Операция была сделана немедленно, но слишком поздно. Стенки желудка и пищевод были съедены кислотой — первоначальный расчет Серафима был совершенно верен.
1959
Выходной день
Две белки небесного цвета, черномордые, чернохвостые, увлеченно вглядывались в то, что творилось за серебряными лиственницами. Я подошел к дереву, на ветвях которого они сидели, почти вплотную, и только тогда белки заметили меня. Беличьи когти зашуршали по коре дерева, синие тела зверьков метнулись вверх и где-то высоко-высоко затихли. Крошки коры перестали сыпаться на снег. Я увидел то, что разглядывали белки.

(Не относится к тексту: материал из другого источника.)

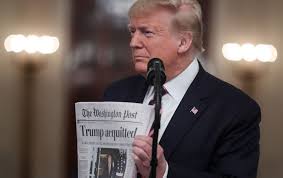 A conviction requires a 67 vote supermajority. After His Acquittal Trump Has Unleashed New Heights Of Vindictiveness The Nation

На лесной поляне молился человек. Матерчатая шапка-ушанка комочком лежала у его ног, иней успел уже выбелить стриженую голову. На лице его было выражение удивительное — то самое, что бывает на лицах людей, вспоминающих детство или что-либо равноценно дорогое. Человек крестился размашисто и быстро: тремя сложенными пальцами правой руки он будто тянул вниз свою собственную голову. Я не сразу узнал его — так много нового было в чертах его лица. Это был заключенный Замятин, священник из одного барака со мной.
Все еще не видя меня, он выговаривал негромко и торжественно немеющими от холода губами привычные, запомненные мной с детства слова. Это были славянские формулы литургийной службы — Замятин служил обедню в серебряном лесу.
Он медленно перекрестился, выпрямился и увидел меня. Торжественность и умиленность исчезли с его лица, и привычные складки на переносице сблизили его брови. Замятин не любил насмешек. Он поднял шапку, встряхнул и надел ее.
— Вы служили литургию, — начал я.
— Нет, нет, — сказал Замятин, улыбаясь моей невежественности. — Как я могу служить обедню? У меня ведь нет ни даров, ни епитрахили. Это казенное полотенце.